Problem description:
From the material below, retype exactly the lines that begin at the line with "tourist collapses on" and end after the line with "Crude Oil Steadies"; pictures stay out of the copy.

Exercise data:
· · · · · · ·

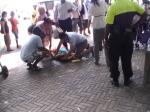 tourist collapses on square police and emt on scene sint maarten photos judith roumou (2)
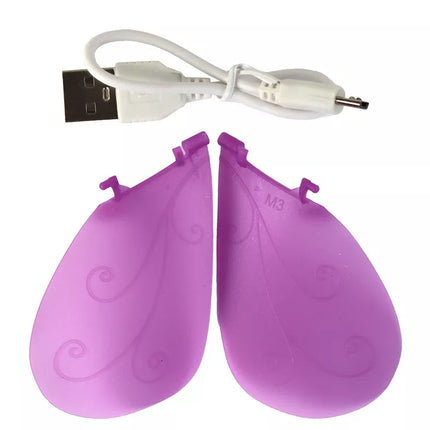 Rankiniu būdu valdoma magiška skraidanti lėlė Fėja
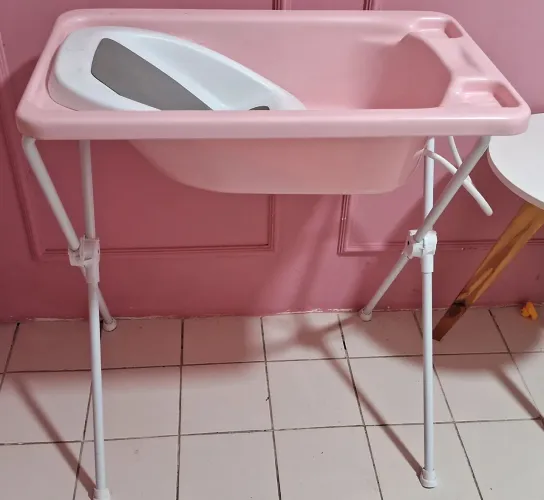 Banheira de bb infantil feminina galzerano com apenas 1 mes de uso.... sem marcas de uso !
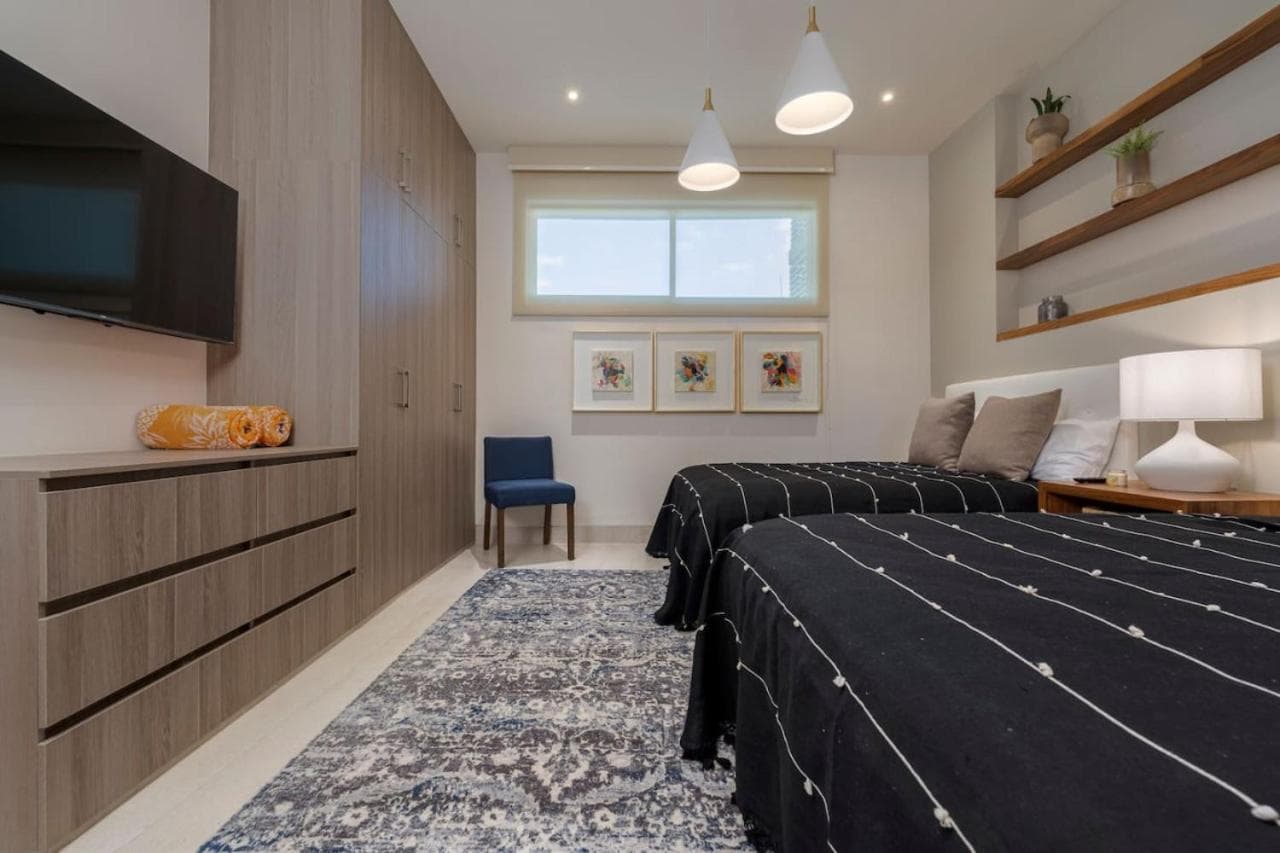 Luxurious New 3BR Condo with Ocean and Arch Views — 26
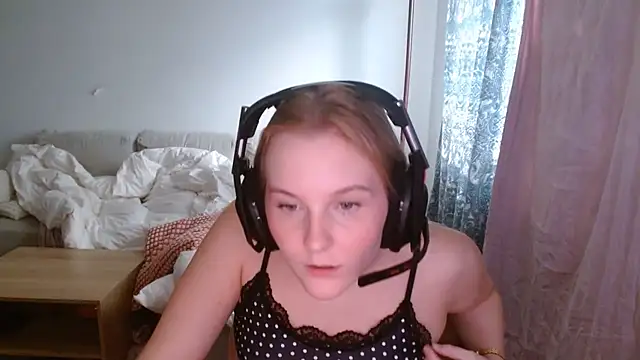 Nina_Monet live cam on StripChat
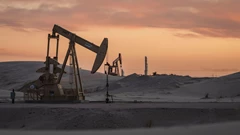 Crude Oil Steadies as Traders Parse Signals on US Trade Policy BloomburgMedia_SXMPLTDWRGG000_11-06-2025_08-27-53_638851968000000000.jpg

· · · · · · ·

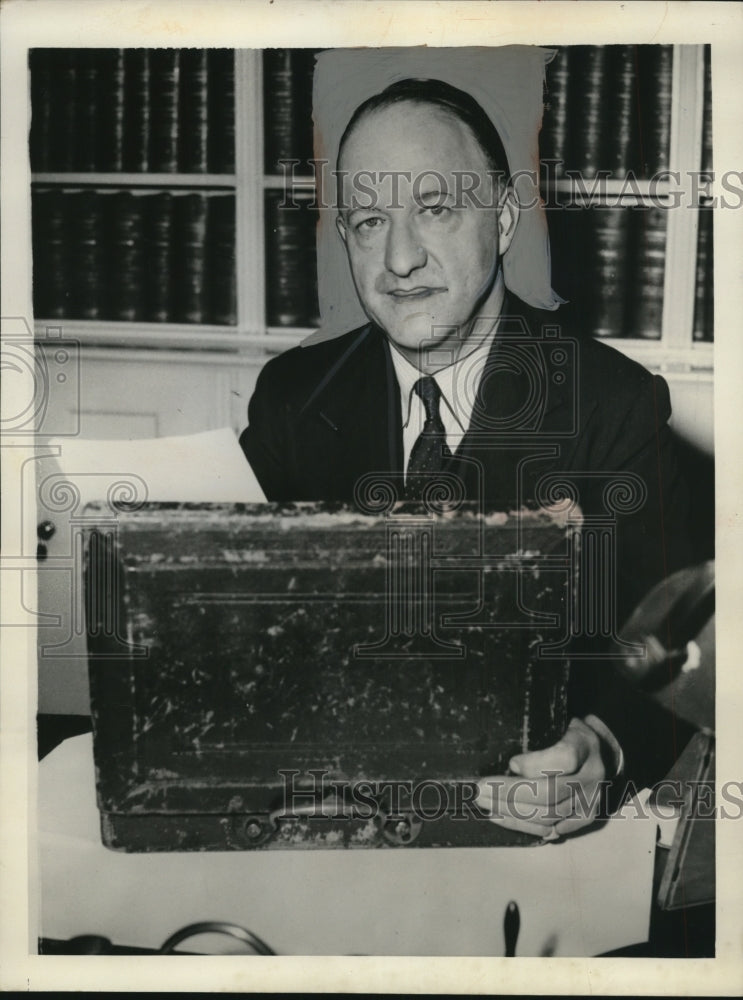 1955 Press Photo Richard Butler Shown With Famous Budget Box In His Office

· · · · · · ·

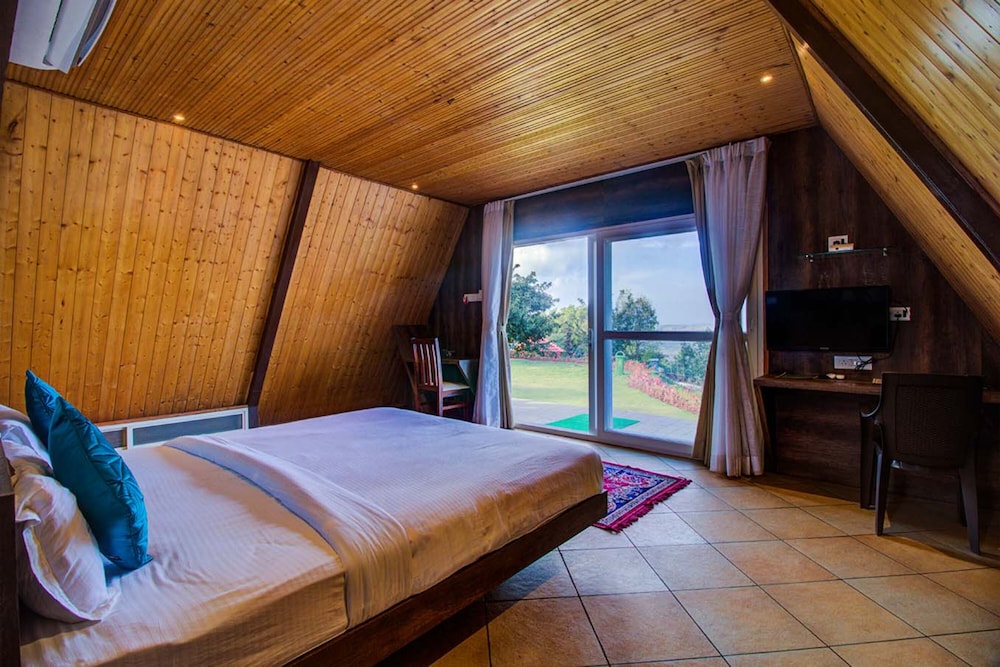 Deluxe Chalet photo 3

· · · · · · ·

Task solution:
 tourist collapses on square police and emt on scene sint maarten photos judith roumou (2)
 Rankiniu būdu valdoma magiška skraidanti lėlė Fėja
 Banheira de bb infantil feminina galzerano com apenas 1 mes de uso.... sem marcas de uso !
 Luxurious New 3BR Condo with Ocean and Arch Views — 26
 Nina_Monet live cam on StripChat
 Crude Oil Steadies as Traders Parse Signals on US Trade Policy BloomburgMedia_SXMPLTDWRGG000_11-06-2025_08-27-53_638851968000000000.jpg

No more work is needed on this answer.